Весь этот внезапно остывший угол можно было бы весьма удобно сравнить поэту с разоренным гнездом «домовитой» ласточки: все разбито и истерзано бурею, убиты птенчики с матерью, и развеяна кругом их теплая постелька из пуха, перышек, хлопок… Впрочем, Семен Иванович смотрел скорее как старый самолюбец и вор-воробей [Достоевский 1972а: 262].
Хотя Прохарчин больше походит на «старого вора-воробья», чем на пострадавшую ласточку, использование обеих метафор оставляет читателю простор для множества возможных трактовок образа скупца.
Достоевский заканчивает рассказ не суждениями персонажей о Прохарчине, не истинной оценкой его, а словами самого ожившего скупца. Как видно из второго эпиграфа к этой главе, Прохарчин спрашивает других персонажей и читателей, не может ли быть так, что он все же жив: «А ну как этак, того, то есть оно, пожалуй, и не может так быть, а ну как этак, того, и не умер – слышь ты, встану, так что-то будет, а?» [Достоевский 1972а: 263]. Создав образ скупца, который отказывается умирать и быть подвергнутым осуждению на основании традиционных представлений об этом литературном типе, Достоевский поднимает вопрос о том, что такое типизация вообще и что она означает для личности и для литературного персонажа. В «Господине Прохарчине» скупец – это физическое, материальное существо и абстрактная ценность, живучий человек и призрачное воплощение клише.
Скупец с его античной родословной в системе типов классицизма превратился в анахронизм в литературе романтизма и раннего реализма. Но, несмотря на это, данный образ упорно сохранял жизнеспособность в русской литературе 1830-40-х годов. Кроме «Скупого рыцаря», «Мертвых душ» и «Господина Прохарчина», произведения Н. А. Некрасова, А. Н. Майкова и целого ряда менее значительных авторов демонстрируют большой интерес к теме скупости в ту эпоху[136]
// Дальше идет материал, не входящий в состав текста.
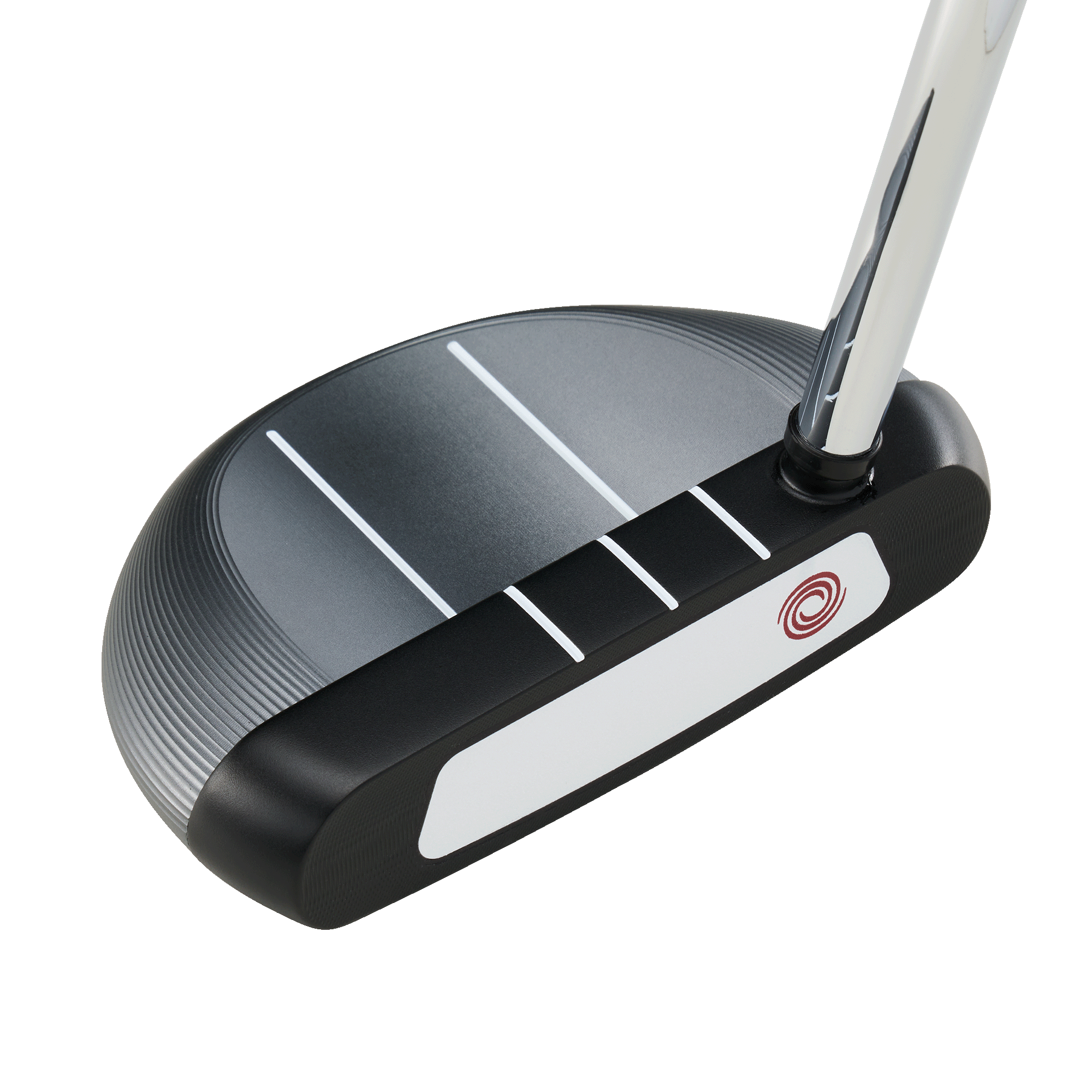 Odyssey Tri-Hot 5K Rossie Putter | Callaway Golf Pre-Owned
. Несомненно, распространение монетарной экономики в традиционно аграрной Российской империи и еще более поразительный подъем капиталистического предпринимательства за границей отчасти объясняет, почему скупец с его бессмертной алчностью внезапно оказался очень современным героем. Однако, как мы увидели в этой главе, нестабильность стоимости российских денежных знаков в этот период литературных реформ еще более важна для понимания экспериментов Пушкина, Гоголя и Достоевского с образом скупца. В их произведениях страсть скупца к различным типам сомнительных абстракций вызывает вопрос о значимости типа как такового. Таким образом, воскрешение скупца противоречит типичной модели истории русской литературы, предполагающей последовательную смену неоклассицизма романтизмом, а затем реализмом. Ведь как раз по мере того, как Пушкин, Гоголь и Достоевский глубже проникают в сложную психологию характеров и ее воплощение в материальном мире (и все более следуют духу реализма), они все полнее задействуют предшествующие неоклассицистские модели, чтобы поставить под вопрос и тип, и типизацию, как самые заветные реалистические приемы.Способность скупца одновременно и утверждать, и подвергнуть сомнению литературные, экономические и эмоциональные ценности своего времени отлично подходит для того, чтобы завершить монографию об амбиции и ее проявлениях в русской литературе эпохи Николая I. В некоторых отношениях скупой стоит особняком в этом исследовании: в отличие от честолюбцев, стремящихся возвыситься в социуме, скупец удивительно антисоциален. Его цель – изъять деньги из обращения, забрать из рук других людей и сохранить для себя, воспрепятствовать обмену, парализовать их движение.